Interrègne - Etat des lieux d’une décomposition
▻https://lundi.am/Interregne-Etat-des-lieux-d-une-decomposition
Nous avons, en gros, quatre électorats qui ont dominé les derniers blocs politiques : les petits vieux de droite qui touchent une belle retraite, ont trois voitures, une résidence secondaire et ne veulent rien changer à leur mode de vie ; les libéraux pour qui ça roule qui votent Macron ; à gauche, les rejetons bourgeois, les classes d’encadrements et les professions culturelles, majoritairement citadines, qui attendent d’un État social le surplus économique nécessaire à un niveau de vie de CSP+ ; et tout le reste, ceux qui vivent le déclassement, des galériens des anciennes zones industrielles à la bourgeoisie pavillonnaire en passant par les couches moyennes de la périphérie.

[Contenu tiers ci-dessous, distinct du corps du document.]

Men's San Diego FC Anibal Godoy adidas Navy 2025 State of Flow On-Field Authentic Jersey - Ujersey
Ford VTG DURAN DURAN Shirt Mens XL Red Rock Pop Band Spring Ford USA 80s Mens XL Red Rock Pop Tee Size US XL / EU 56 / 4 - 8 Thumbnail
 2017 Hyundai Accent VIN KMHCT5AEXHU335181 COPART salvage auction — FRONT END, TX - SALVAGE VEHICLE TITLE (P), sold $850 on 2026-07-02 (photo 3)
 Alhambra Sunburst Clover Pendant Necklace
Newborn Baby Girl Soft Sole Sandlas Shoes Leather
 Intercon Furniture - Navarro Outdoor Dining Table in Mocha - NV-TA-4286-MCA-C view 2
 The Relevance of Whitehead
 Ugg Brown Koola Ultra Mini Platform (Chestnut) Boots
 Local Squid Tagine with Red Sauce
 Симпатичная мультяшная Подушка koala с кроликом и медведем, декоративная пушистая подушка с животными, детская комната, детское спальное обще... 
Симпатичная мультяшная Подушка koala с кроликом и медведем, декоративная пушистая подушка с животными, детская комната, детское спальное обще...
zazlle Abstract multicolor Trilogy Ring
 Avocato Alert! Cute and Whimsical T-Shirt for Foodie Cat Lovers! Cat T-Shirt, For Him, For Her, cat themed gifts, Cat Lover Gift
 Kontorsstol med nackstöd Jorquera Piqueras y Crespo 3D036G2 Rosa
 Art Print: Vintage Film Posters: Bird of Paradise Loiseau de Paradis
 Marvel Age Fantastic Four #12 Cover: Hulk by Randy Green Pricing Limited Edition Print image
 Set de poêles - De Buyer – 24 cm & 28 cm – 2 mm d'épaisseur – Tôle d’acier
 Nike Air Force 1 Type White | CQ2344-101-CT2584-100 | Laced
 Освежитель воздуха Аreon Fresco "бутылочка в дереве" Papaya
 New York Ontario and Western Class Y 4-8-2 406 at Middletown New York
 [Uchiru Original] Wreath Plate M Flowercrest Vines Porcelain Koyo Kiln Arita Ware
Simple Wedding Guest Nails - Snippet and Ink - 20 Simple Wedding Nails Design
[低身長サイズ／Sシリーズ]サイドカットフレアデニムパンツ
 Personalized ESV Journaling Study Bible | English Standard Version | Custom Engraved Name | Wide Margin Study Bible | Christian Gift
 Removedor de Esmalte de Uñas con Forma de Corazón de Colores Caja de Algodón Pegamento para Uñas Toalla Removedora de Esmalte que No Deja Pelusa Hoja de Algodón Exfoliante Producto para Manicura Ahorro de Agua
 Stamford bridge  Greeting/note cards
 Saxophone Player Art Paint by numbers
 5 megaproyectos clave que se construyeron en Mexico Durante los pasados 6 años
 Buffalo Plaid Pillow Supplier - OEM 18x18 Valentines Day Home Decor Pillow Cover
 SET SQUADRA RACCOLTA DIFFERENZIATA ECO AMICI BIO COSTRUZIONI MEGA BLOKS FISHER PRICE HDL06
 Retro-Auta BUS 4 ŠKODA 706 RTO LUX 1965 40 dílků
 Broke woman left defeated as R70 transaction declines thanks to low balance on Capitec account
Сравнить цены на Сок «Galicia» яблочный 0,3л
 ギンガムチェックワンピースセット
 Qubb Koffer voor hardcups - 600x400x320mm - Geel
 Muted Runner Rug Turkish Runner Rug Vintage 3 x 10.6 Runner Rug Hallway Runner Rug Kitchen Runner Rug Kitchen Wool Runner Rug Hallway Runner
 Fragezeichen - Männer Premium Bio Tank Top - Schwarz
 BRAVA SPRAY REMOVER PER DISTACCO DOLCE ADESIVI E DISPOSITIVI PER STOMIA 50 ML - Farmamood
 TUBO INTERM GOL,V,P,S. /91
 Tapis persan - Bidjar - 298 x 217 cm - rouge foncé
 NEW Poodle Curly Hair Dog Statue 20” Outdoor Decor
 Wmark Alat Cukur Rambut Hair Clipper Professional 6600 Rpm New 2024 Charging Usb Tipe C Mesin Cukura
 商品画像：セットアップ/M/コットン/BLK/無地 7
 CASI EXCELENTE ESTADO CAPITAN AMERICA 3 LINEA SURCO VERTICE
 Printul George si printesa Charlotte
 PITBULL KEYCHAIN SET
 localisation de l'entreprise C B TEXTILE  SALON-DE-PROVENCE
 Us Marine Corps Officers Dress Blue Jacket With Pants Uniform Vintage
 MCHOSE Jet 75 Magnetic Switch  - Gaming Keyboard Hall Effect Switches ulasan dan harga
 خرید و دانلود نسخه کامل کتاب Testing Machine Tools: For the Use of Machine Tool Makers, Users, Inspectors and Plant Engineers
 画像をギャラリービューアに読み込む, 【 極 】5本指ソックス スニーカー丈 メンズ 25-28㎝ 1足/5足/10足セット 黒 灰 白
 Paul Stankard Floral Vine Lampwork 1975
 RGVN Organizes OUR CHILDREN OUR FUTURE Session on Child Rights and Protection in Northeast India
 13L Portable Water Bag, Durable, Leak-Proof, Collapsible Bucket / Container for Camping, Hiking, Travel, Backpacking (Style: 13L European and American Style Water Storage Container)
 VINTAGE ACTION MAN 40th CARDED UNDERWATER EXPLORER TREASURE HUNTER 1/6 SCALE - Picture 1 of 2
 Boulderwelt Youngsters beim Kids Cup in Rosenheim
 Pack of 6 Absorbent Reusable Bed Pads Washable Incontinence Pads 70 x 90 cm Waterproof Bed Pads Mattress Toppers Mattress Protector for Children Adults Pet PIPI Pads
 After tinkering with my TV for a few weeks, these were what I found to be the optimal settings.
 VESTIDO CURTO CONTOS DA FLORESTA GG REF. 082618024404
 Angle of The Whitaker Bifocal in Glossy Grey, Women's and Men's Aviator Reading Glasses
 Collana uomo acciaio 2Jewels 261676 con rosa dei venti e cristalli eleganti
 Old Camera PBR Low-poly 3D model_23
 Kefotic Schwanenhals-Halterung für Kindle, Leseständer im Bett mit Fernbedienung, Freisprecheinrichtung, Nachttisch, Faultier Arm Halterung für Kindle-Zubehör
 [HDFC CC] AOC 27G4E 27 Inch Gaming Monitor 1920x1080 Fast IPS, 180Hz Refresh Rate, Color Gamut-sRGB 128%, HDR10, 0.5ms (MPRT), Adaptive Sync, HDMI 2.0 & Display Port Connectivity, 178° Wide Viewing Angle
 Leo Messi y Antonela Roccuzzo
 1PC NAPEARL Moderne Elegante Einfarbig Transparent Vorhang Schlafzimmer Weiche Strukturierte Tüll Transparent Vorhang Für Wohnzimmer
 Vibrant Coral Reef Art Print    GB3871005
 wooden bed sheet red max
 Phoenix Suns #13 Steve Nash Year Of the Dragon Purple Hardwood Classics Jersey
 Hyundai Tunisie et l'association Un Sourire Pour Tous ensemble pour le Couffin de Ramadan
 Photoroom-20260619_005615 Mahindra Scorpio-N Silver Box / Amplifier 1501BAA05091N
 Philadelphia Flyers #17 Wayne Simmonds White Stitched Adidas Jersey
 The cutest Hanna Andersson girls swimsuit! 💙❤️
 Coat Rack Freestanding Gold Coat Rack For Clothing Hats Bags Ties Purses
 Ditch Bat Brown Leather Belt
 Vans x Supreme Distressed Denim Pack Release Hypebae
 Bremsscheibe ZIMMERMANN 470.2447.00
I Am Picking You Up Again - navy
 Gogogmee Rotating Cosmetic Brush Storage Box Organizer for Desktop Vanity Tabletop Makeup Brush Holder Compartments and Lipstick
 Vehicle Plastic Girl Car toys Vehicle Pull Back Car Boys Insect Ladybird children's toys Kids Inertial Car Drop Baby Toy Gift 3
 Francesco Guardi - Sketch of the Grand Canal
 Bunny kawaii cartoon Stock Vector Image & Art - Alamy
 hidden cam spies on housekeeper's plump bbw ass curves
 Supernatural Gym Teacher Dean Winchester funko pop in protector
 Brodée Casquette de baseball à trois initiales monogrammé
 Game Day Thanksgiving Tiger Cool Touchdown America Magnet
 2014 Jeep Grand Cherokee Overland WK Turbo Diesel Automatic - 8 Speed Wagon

Cette catégorie mouvante de la société vote un peu partout et ne représente pas un tout cohérent en termes de conditions de vie, mais est unifiée par un aspect simple : la volonté d’appartenir à la “classe moyenne” fantasmée qui a un boulot stable et un bon niveau de consommation, et le désespoir engendré par l’étau posé sur cette possibilité. Cette crise est rampante depuis longtemps : la faillite de la vieille politique et le paroxysme progressif du marasme économique l’ont projetée sur le devant de la scène, et oblige désormais à une reconsidération systématique. Pour la vieille comme la nouvelle droite, cette reconsidération est simple : ces gens qui, à la fois ont perdu la sociabilité de l’ancienne société pré-fordiste, et en même temps n’ont jamais obtenu les promesses de niveau de vie du développement économique, se verront promettre une indemnisation, et peut être même une nouvelle forme de communauté, au travers de politiques racistes.
Dans la conjoncture actuelle, cette frange paupérisée de la population ne voudra jamais du statu quo et cherchera d’une manière ou d’une autre à soutenir un changement, voire à le provoquer si elle s’en sent les forces. Les dernières mobilisations - agriculteurs, retraites, banlieues - donnent raison aux journalistes anglais qui les qualifiaient lucidement de “désinhibition dangereuse de la société” en réponse à celle du Président et de l’État. Il y a une “masse critique” au sein de la population qui est au point de rencontre entre la crise économique et la crise morale, entre les espoirs déçus et la constatation d’un changement irréversible de la socialisation. C’est ce phénomène qui permet de passer d’une crise politique à une crise de régime, qui tend jusqu’à les rompres les ressorts habituels de résolution des conflits : dès lors qu’une solution révolutionnaire ou réactionnaire suffisamment forte deviendra possible, elle aura derrière elle toute une masse de plus en plus active capable de s’engouffrer dans cette nouvelle voie.